When Disk file operations I/O wait event starts showing at the top of the AWR Top 10 Foreground Events by Total Wait Time it can consume a lot of CPU and freeze your database. Since I have gone through that myself a couple of weeks ago, I thought it might be interesting to write a succinct blog article explaining how to find and fix the root cause of this non-common wait event.
When I started investigating the real-life case all that I have on my hand was the p1 and p3 parameters of this wait event:
- p1=8 corresponds to wait for miscellaneous io (ftp, block dump, passwd file)
- p3=8 corresponds to any other type of file
To say the least I have been unfortunate with this number.
As I was searching online, I came across a forum question where one of the contributors was pointing to an audit file type and operation.

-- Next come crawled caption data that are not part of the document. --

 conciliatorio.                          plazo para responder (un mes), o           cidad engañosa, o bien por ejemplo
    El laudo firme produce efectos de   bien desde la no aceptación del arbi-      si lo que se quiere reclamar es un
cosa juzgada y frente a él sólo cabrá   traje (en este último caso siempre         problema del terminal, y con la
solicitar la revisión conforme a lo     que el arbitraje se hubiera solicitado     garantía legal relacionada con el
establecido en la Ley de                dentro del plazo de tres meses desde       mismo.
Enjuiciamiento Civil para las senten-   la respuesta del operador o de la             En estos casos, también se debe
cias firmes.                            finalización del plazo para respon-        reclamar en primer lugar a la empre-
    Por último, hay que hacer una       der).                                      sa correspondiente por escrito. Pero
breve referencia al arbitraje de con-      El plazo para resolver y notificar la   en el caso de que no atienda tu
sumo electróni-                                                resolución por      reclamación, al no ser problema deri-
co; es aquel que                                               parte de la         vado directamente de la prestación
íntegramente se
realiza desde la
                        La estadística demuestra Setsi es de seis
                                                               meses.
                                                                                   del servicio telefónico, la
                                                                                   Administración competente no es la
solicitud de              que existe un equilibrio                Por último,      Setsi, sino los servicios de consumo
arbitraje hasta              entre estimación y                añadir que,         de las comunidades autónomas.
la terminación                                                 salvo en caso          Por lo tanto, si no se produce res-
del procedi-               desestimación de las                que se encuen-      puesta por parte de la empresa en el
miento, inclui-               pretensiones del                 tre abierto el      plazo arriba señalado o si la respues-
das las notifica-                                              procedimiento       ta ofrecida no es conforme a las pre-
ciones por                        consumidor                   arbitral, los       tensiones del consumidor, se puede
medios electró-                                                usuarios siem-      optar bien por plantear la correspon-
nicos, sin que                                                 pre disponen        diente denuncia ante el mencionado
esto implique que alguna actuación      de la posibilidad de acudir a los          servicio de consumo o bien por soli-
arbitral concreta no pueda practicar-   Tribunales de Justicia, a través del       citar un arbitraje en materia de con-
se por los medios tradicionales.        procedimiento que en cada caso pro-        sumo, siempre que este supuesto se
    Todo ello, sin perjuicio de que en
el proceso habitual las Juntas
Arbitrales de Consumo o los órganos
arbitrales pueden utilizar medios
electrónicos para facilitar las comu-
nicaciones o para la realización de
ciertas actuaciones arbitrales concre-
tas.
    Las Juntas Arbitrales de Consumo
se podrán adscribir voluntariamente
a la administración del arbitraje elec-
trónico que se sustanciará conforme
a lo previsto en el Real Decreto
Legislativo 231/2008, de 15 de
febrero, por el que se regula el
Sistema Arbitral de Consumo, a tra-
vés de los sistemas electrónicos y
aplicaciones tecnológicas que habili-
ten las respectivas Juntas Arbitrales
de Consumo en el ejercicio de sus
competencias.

And from there I built the following simple model
SQL> show parameter audit NAME TYPE VALUE ------------------------------------ ----------- ------------------------------ audit_file_dest string /u01/app/oracle/product/19c/dbhome_1/rdbms/audit audit_sys_operations boolean TRUE audit_syslog_level string audit_trail string OS unified_audit_common_systemlog string unified_audit_sga_queue_size integer 1048576 unified_audit_systemlog string
AUDIT ALL BY c##test BY ACCESS; AUDIT SELECT TABLE, UPDATE TABLE, INSERT TABLE, DELETE TABLE BY c##test BY ACCESS; AUDIT EXECUTE PROCEDURE BY c##test BY ACCESS;
create table t1 as select rownum n1, mod(rownum,2) n2, lpad('x',10) vc from dual connect by level <=1e5; create or replace procedure p1 as cursor c1 is select * from t1; begin for r1 in c1 loop update t1 set vc = 'yz' where n1 = r1.n1; insert into t1 values (r1.n1, r1.n2, r1.vc); delete from t1 where n1=r1.n1 and n2=r1.n2 and vc =r1.vc; end loop; commit; end p1;
I’ve set the audit trail parameter at OS level and I managed to audit several DML operations done by the c##test user.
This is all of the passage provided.